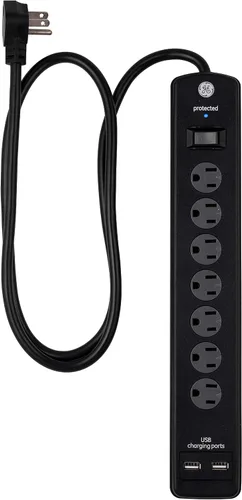 Vista 2 de GE UltraPro Protector SurGE de 7 salidas (40482) y protector GE SurGE de 6 salidas (37442)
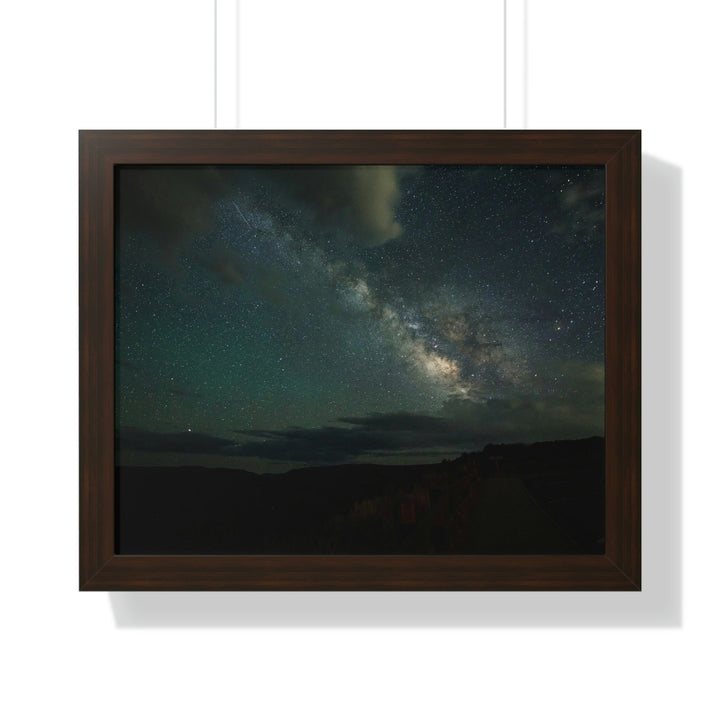 Milky Way Through the Clouds Part 2 - Framed Print - Visiting This World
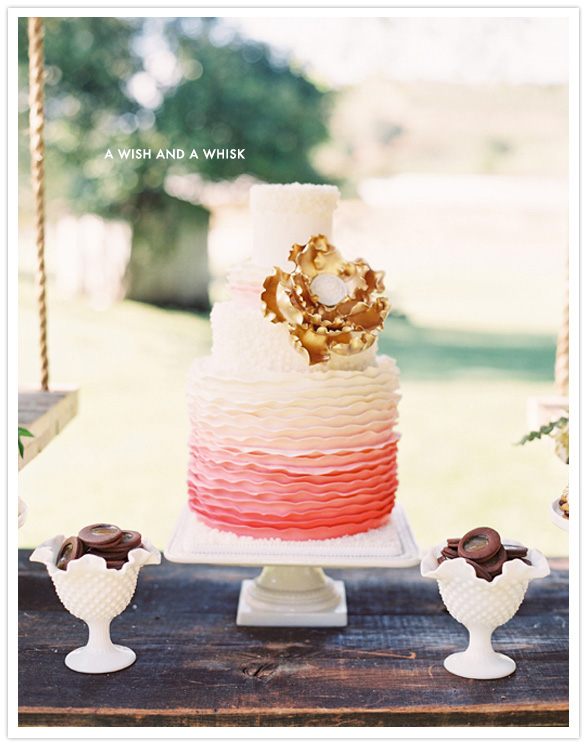 pink ombre wedding cake pink ombre wedding cake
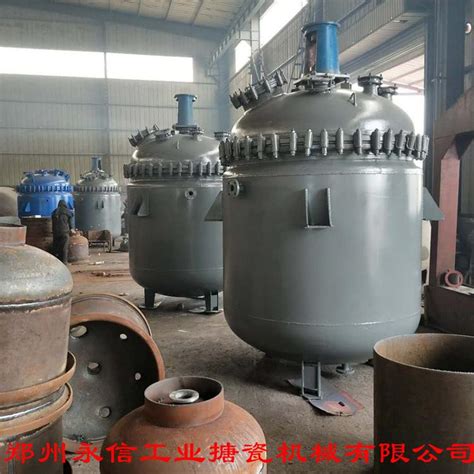 广州搪玻璃反应罐 生产搪瓷罐厂家 1000L搪玻璃电加热反应釜-环保在线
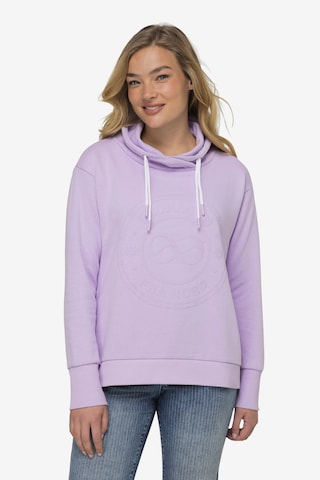 LAURASØN Sweatshirt in Purple: front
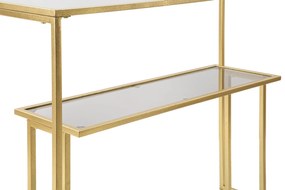 MESA CONSOLA DOURADA 100X35X80 CM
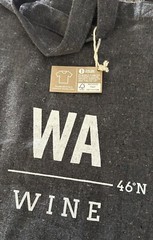 New Collectible Reusable Washington Wine “WA Wine” 100% Cotton Bag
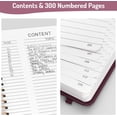thumbnail image 2 of Lined Spiral Journal Notebook with 300 Numbered Pages, B5 College Ruled Thick Journals for Writing with 100GSM Paper, Hardcover Notebooks with Contents for Work, School, Women, Men, Burgundy, 2 of 4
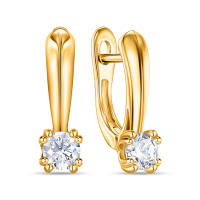 Серьги с бриллиантами - фото 1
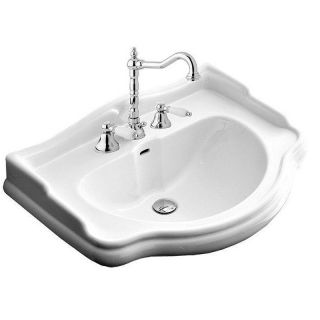 Раковина Kerasan Retro 104601*3 белая 69 см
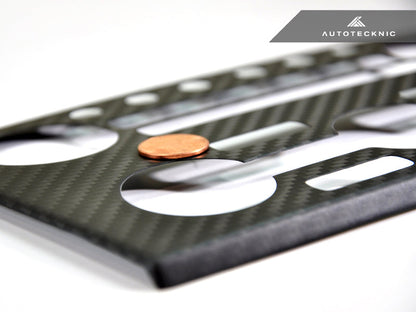 AutoTecknic Dry Carbon AC Stereo Dash Panel Cover - Nissan R35 GTR - Graveyard Performance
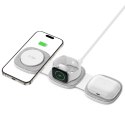 Ładowarka Tech-Protect QI15W-A32 indukcyjna 3w1 z MagSafe na smartfon / Apple Watch / AirPods - szara Tech-Protect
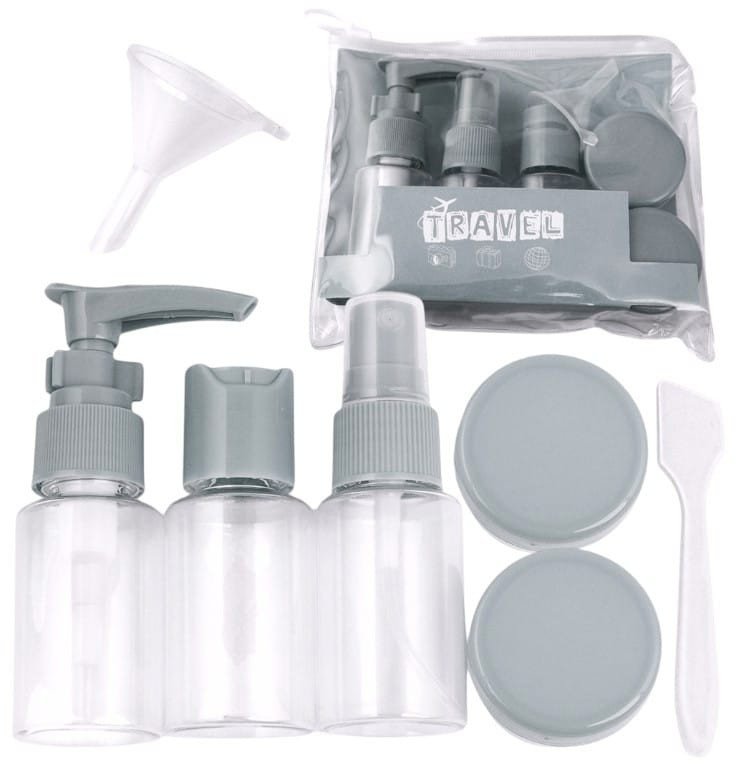 Zestaw pojemniczków i akcesoriów podróżnych 7w1 KS122SZ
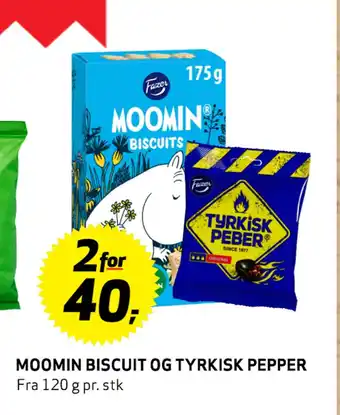 Bunnpris MOOMIN BISCUIT OG TYRKISK PEPPER tilbud
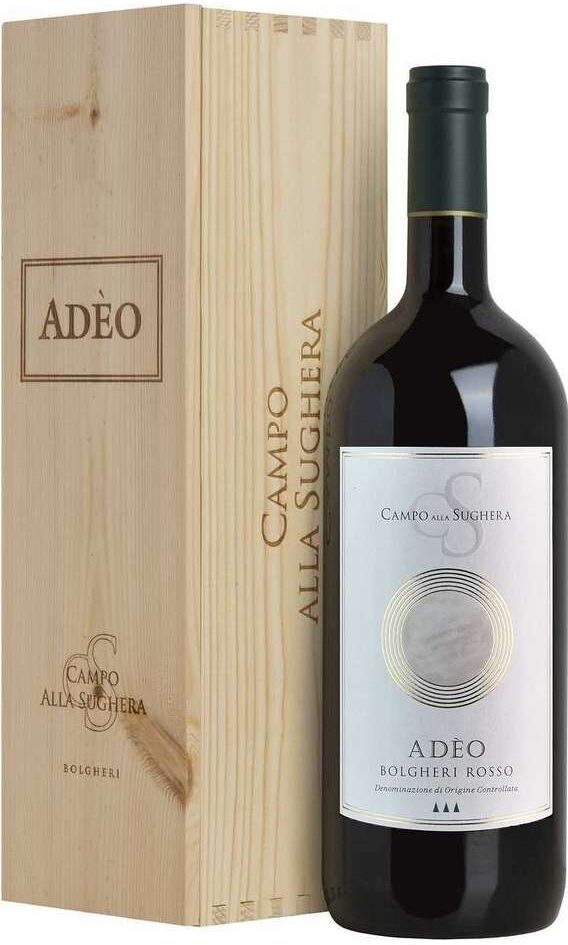 Campo alla Sughera Magnum 1,5 litri bolgheri "adèo" doc in cassa legno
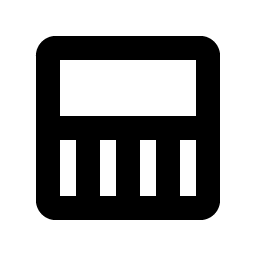 Square Half Bottom Bold icon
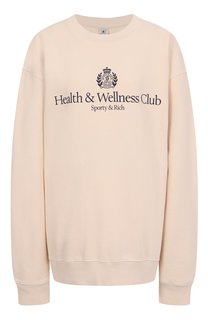 Хлопковый свитшот Sporty and Rich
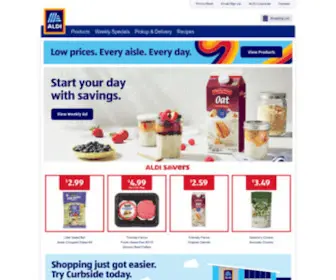 Aldi.us(ALDI Grocery Stores) Screenshot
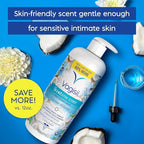 Vagisil Feminine Wash for Intimate Area Hygiene, Scentsitive Scents, pH Balanced and Gynecologist Tested, Coconut Hibiscus, 16.9 oz with Pump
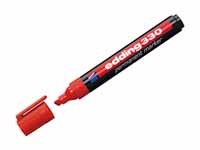 Edding 330 permanent chisel tip red marker with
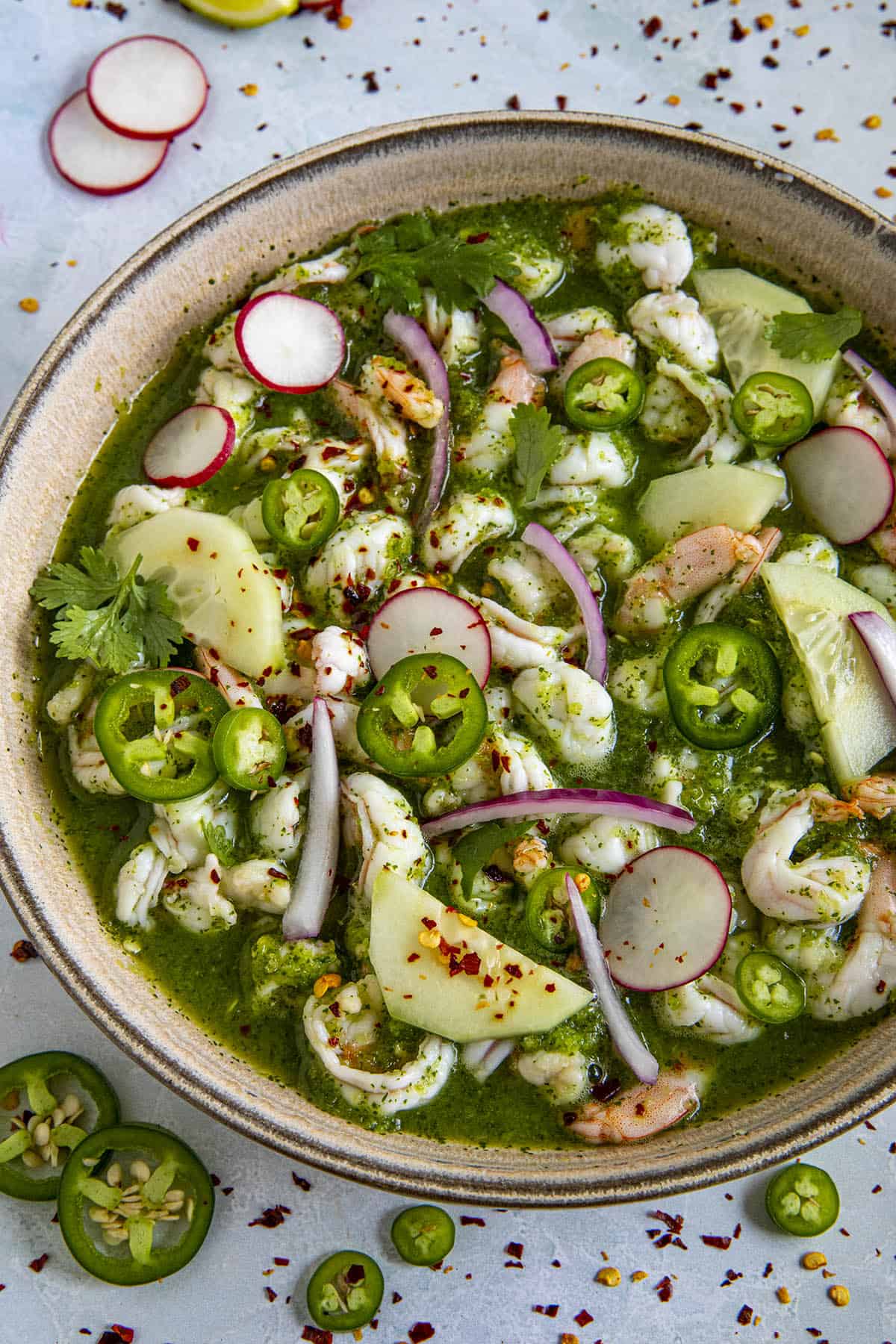 Aguachile in a bowl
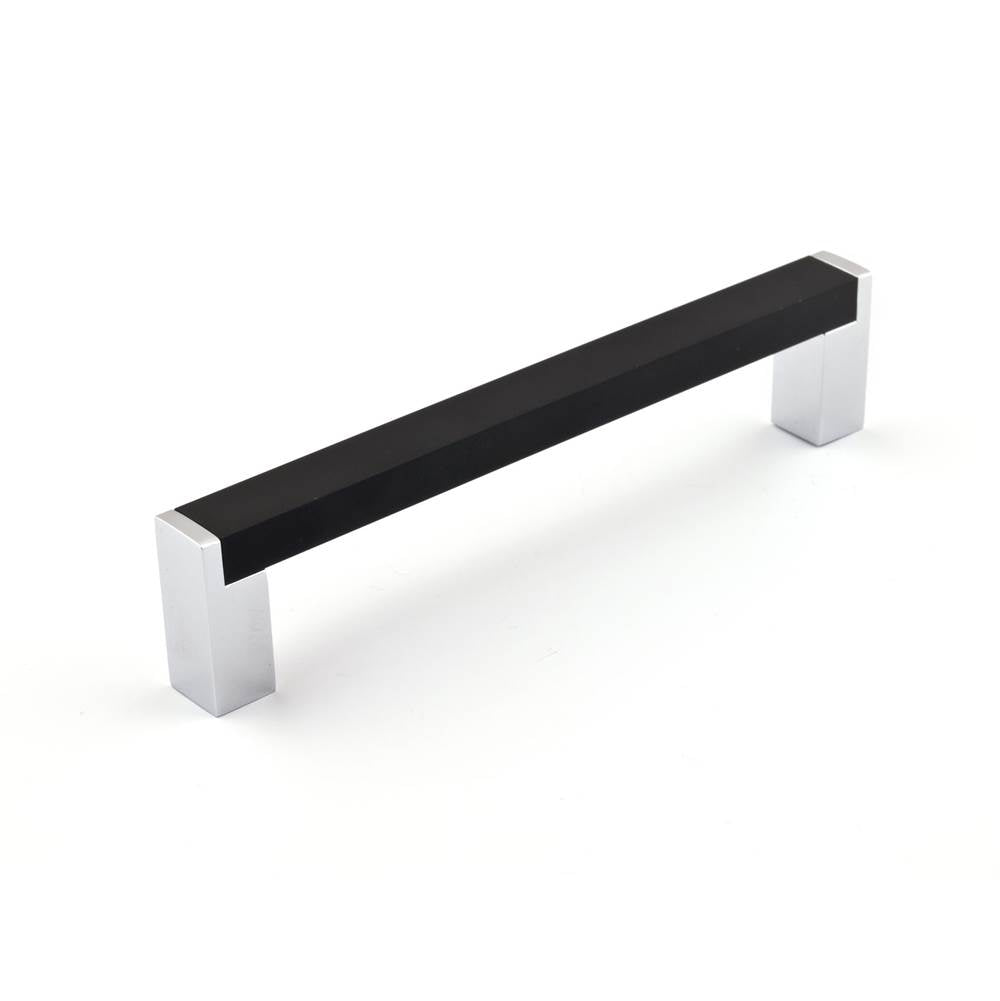 Richelieu America - Contemporary Metal and Aluminum Pull - 801 - Matte Black,Chrome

**Work required:**
Only one part of the material above is wanted: the lines from the one with "LAURASØN Sweatshirt in Purple: front" up to and including the one with "Раковина Kerasan Retro 104601*3 белая 69 см". Please copy them exactly, pictures left out.

**Answer to the problem:**
 LAURASØN Sweatshirt in Purple: front
 MESA CONSOLA DOURADA 100X35X80 CM
 New Collectible Reusable Washington Wine “WA Wine” 100% Cotton Bag
thumbnail image 2 of Lined Spiral Journal Notebook with 300 Numbered Pages, B5 College Ruled Thick Journals for Writing with 100GSM Paper, Hardcover Notebooks with Contents for Work, School, Women, Men, Burgundy, 2 of 4
 Серьги с бриллиантами - фото 1
 Раковина Kerasan Retro 104601*3 белая 69 см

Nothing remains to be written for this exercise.